A study from Environmental Health Perspectives, which was published in October 2015, looked at the performance of individuals in green and non-green environments and compared results, with extra measures taken to prevent biased feedback. The bottom line was that working in a typical office with limited natural light and an average level of pollutants seems to have an adverse effect on cognitive function, from decreased attention spans to slower problem solving. The research also concluded that increased air quality was a key factor in improving attention, focus and overall performance. The worry is that this kind of non-green office environment has become the ‘norm’ for businesses throughout the western world, and the research highlights how simple changes to the office environment can yield fruitful results.

According to The University of York, people in developed countries spend around 90% of their time indoors. Even in jobs where travelling and outdoor activities are commonplace, most big decisions and tangible pieces of work are still completed inside an office, and for many businesses the office environment is an afterthought. Businesses pump huge amounts of capital into different parts of their organisation in order to boost productivity and streamline processes. Usually this is about cutting labour time, reducing costs and looking for ways to better balance the books, but very little attention is paid to the productivity of workers and the impact their environment can have. Why?

Until very recently, things like the impact of the environment on worker productivity have been qualitative and unmeasurable, and businesses don’t like to spend money on things that can’t be measured. Studies like this one by Cardiff University should go some way in making businesses more conscious of the environment their staff work in. The advantages of a green office do not just stop at productivity though. Research by Ambius has also indicated that a greener office environment can help to reduce stress, increase attention spans and even increase psychological well-being.
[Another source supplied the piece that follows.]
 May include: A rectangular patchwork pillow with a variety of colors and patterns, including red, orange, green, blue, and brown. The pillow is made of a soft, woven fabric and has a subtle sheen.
These studies are compelling, and as more and more evidence is gathered it’s clear that the working environment is going to become more of a concern for businesses, particularly start-up companies and those looking to choose new office spaces. An employee’s ability to function optimally is intrinsically linked to their well-being, so we should expect to see businesses investing more time and effort in workplace environments. For a long time the focus has been on how and when we work, but this may see ‘where’ become more integral to the success of big companies.